■ **Prompt**:
Tally the lines in the records underneath that contain the string "Image", and state the figure by itself.

■ **Record excerpts**:
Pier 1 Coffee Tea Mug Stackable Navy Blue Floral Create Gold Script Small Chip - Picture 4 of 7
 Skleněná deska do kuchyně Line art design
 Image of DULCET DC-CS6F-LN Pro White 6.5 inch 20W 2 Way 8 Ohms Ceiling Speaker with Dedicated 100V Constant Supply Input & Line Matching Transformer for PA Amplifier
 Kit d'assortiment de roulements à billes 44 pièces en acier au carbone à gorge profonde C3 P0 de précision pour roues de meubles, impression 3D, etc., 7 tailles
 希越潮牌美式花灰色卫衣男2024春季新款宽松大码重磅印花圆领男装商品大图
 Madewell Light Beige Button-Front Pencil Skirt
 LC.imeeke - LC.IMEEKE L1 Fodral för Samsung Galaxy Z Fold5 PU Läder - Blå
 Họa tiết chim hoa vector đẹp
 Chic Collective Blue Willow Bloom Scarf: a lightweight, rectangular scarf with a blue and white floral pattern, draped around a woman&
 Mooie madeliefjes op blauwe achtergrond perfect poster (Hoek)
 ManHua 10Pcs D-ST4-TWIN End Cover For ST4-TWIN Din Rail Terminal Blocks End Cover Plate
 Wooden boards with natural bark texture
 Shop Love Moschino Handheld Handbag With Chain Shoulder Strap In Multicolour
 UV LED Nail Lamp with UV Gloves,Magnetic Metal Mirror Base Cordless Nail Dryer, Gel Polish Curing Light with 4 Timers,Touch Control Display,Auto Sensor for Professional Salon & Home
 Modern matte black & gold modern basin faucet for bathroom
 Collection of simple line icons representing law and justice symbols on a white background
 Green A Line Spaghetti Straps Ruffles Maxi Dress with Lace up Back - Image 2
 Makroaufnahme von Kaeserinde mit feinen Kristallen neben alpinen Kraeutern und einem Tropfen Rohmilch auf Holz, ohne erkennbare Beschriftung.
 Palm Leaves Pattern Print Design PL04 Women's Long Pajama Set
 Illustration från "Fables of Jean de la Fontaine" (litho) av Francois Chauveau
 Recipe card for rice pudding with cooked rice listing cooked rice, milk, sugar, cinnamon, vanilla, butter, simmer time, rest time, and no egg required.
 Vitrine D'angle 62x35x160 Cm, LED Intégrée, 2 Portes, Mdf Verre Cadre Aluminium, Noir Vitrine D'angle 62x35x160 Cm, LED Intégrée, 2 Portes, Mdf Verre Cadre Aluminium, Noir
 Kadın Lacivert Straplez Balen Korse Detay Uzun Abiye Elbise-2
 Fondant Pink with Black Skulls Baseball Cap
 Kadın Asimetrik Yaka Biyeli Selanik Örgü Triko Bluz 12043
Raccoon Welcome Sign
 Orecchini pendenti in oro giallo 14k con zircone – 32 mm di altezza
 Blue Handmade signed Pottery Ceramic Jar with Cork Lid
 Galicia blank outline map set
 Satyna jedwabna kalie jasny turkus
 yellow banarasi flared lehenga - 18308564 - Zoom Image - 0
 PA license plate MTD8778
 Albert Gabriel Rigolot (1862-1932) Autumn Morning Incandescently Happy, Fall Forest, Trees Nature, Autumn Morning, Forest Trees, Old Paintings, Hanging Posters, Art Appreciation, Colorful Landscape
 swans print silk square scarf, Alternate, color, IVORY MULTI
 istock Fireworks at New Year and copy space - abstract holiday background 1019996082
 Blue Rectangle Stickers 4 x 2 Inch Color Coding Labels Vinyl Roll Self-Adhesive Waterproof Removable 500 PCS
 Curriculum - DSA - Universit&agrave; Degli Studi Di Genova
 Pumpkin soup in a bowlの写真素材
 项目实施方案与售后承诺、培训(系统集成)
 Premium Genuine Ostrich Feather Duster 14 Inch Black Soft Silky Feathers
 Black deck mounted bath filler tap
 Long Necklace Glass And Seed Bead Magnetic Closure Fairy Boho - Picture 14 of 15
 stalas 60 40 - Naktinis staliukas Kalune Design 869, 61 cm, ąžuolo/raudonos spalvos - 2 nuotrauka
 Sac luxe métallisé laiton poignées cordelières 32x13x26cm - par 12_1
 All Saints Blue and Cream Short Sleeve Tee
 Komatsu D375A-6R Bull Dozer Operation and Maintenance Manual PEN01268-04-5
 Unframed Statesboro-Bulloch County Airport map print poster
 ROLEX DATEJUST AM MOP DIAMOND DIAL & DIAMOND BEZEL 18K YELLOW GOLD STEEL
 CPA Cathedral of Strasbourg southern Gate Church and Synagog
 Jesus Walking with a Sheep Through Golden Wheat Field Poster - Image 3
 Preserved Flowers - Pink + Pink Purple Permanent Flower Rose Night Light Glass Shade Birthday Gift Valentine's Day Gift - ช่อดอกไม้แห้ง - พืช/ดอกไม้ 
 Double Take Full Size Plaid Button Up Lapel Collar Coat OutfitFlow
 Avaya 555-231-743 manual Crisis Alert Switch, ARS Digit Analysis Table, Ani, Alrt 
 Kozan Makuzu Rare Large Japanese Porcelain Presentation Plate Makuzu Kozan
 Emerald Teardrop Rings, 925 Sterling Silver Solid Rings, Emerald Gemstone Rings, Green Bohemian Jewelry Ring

■ **Task solution**:
4